Councillors were asked to consider giving Warrnambool Racing Club more time to prepare documents which would allow commercial horses to train on Spookys Beach after it had failed to meet a crucial deadline on November 30.
But, in a 4-2 vote, councillors instead decided to get all stakeholders together at a special meeting to clear up conflicting messages on the issue.
Cr Gaston told the meeting that Uncle Robbie Lowe Senior had told her that the sand dunes were of great importance because of the burial sites in the area.
"He said to me 'would we allow, as council, racehorses into the Warrnambool cemetery?' Of course we wouldn't," she said.

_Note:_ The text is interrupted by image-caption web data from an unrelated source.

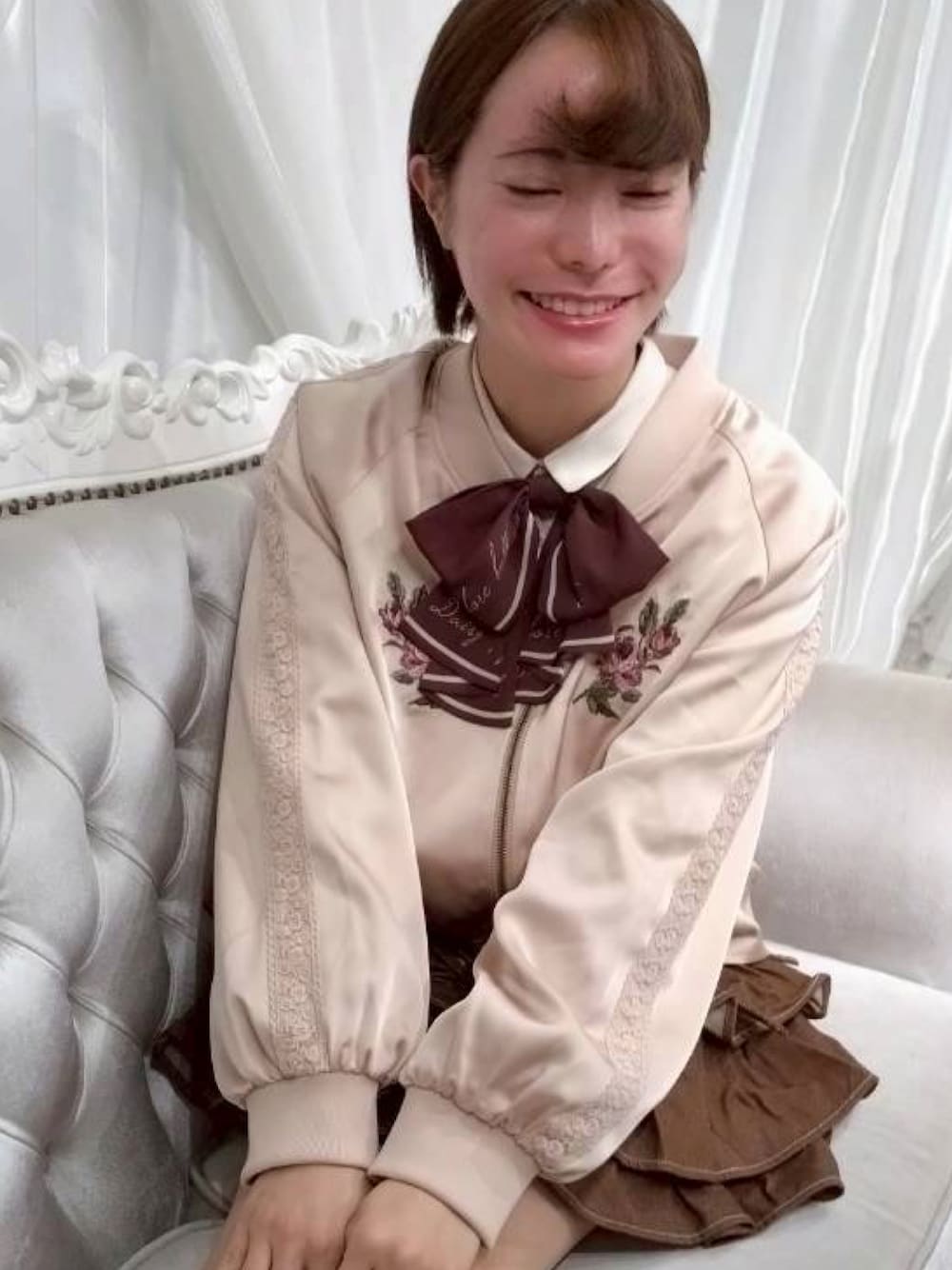 ピンク系のブルゾン、ブラウン系のスカート、ベージュ系のシャツ/ブラウスを着用したレディースの秋コーディネートの1枚目の写真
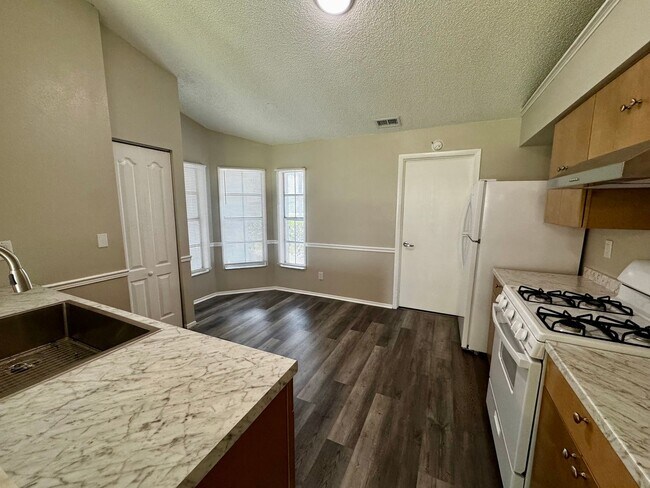 Building Photo - Renovated, Updated & Spacious Home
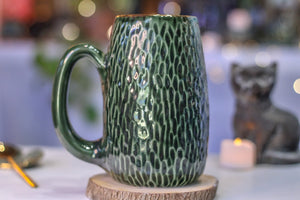 11-D Evergreen Christmas Textured Mug, 23 oz.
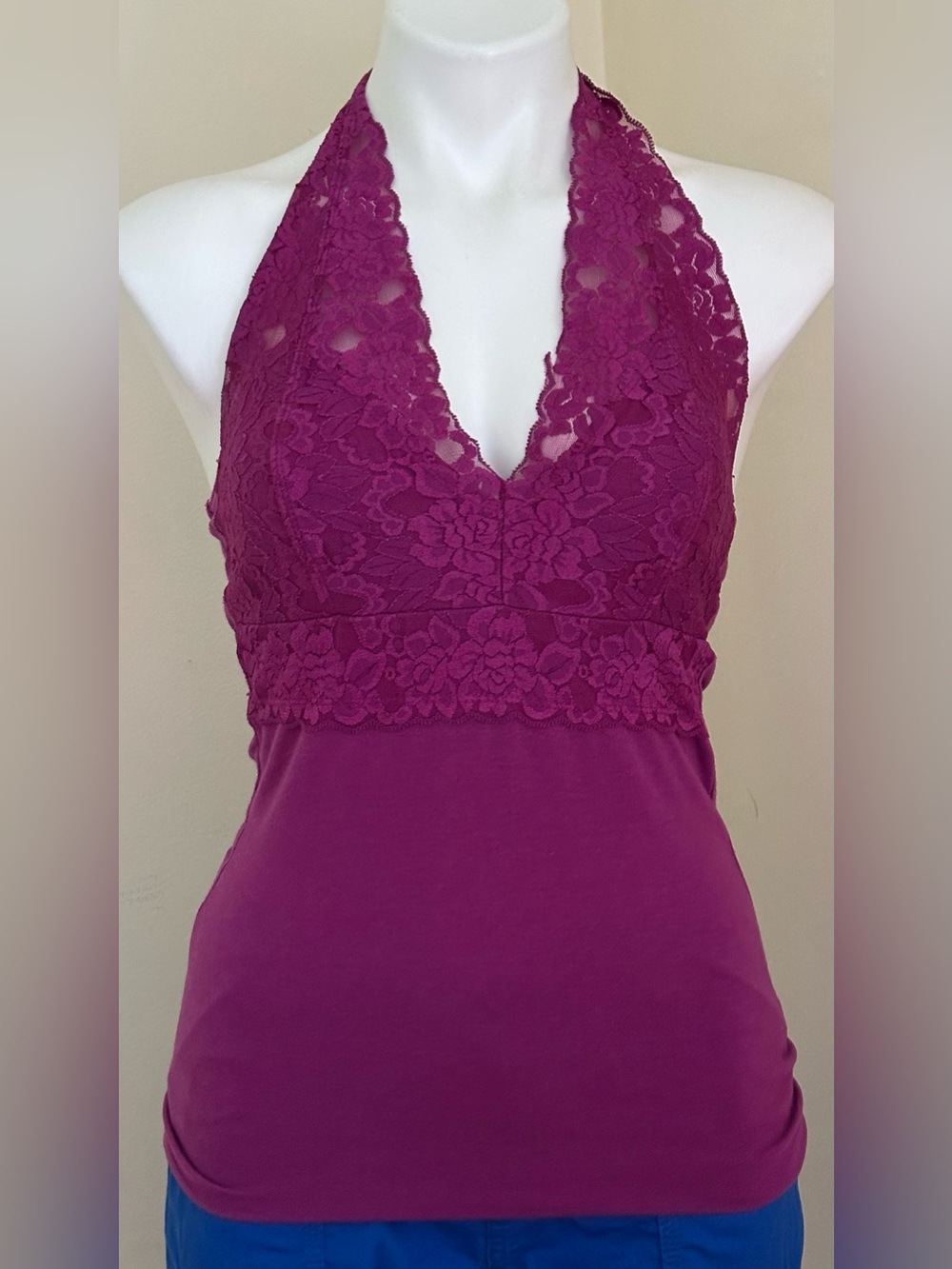 WET SEAL Rich Berry Pink  Halter Top V-Neck Floral Lace Tank Top Sz M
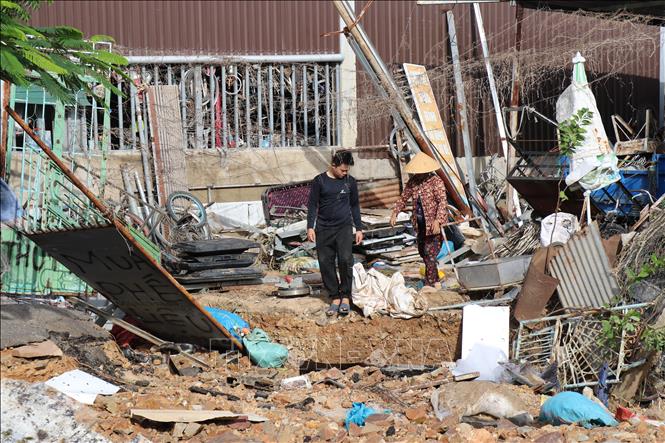 Người dân xã Ninh Phước (Khánh Hòa) dọn dẹp sau mưa lũ để sớm ổn định cuộc sống. Ảnh: Nguyễn Thành – TTXVN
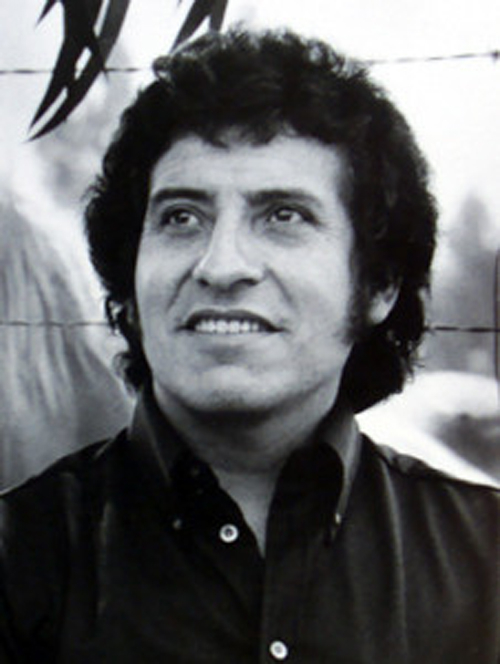 Víctor Jara (1932 – 1973)
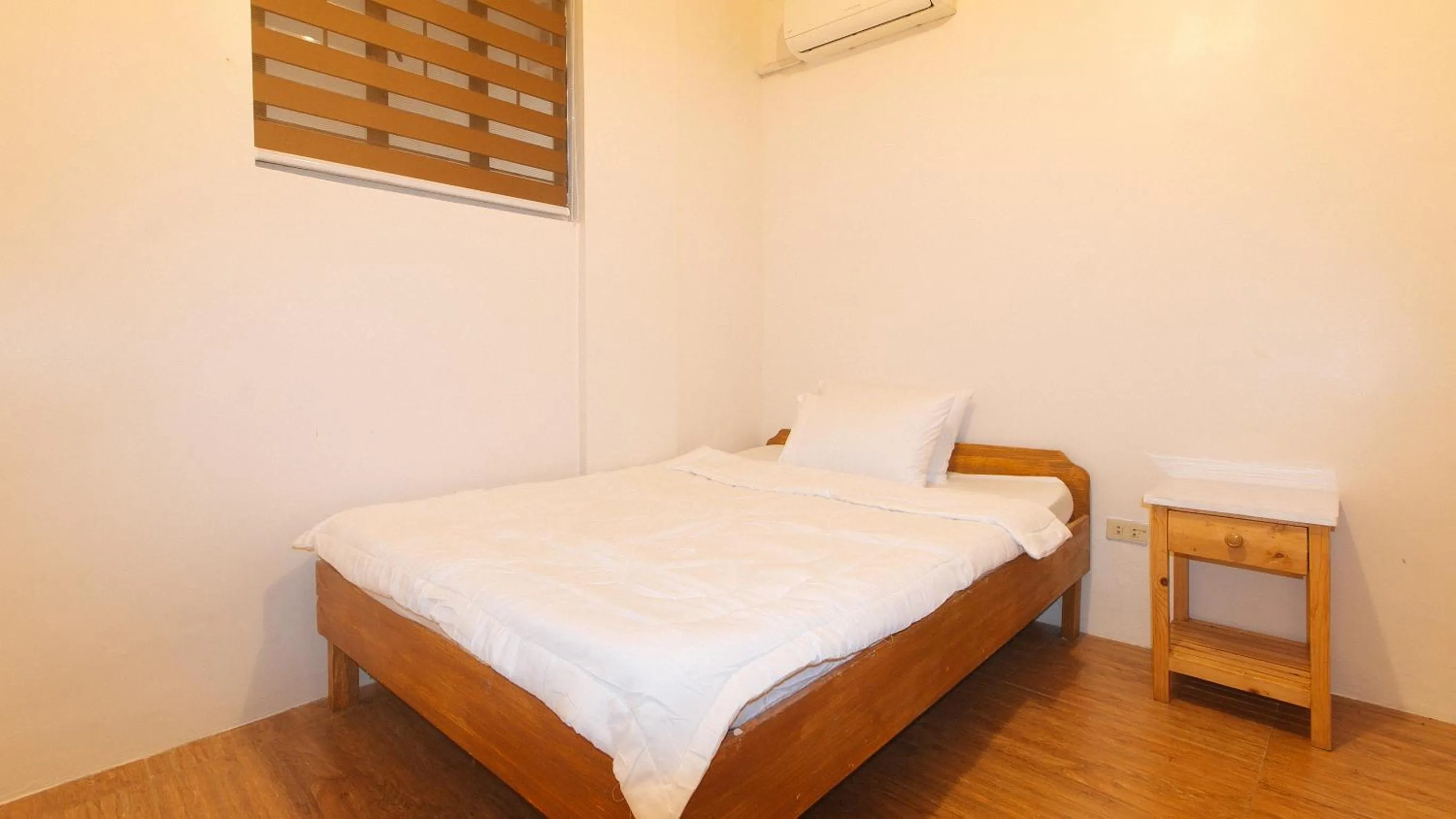 Photo of the whole room, Bed in RedDoorz @ Alquiza Residences Paranaque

Cr Gaston also read out a letter from Eastern Marr's Lee-Anne Clarke which says traditional owners considered the natural environment their "cathedral", their "church".
Ms Clarke's letter says the issue had "terribly upset" elders who "have cried openly for country such is the raw emotion that genuinely attaches us to dune country".
"It would be irresponsible for us not to speak out, as next of kin, of our spiritual and ancestral homelands," the letter says.
"Please shut the gate on this now and save what little remaining pristine area we have left, the Belfast Coastal Reserve."
Mojil at the Hopkins River mouth, about five kilometres from the dune country earmarked for horse access, was being investigated and thought to be between 80,000 to 120,000 years old, the letter says.
"Does this not tell you something," she says.
"This is an area where our people were quite heavily populated and utilised this area for traditional customs, enjoyment, economy and environment, ceremony and trade over many, many thousands of years."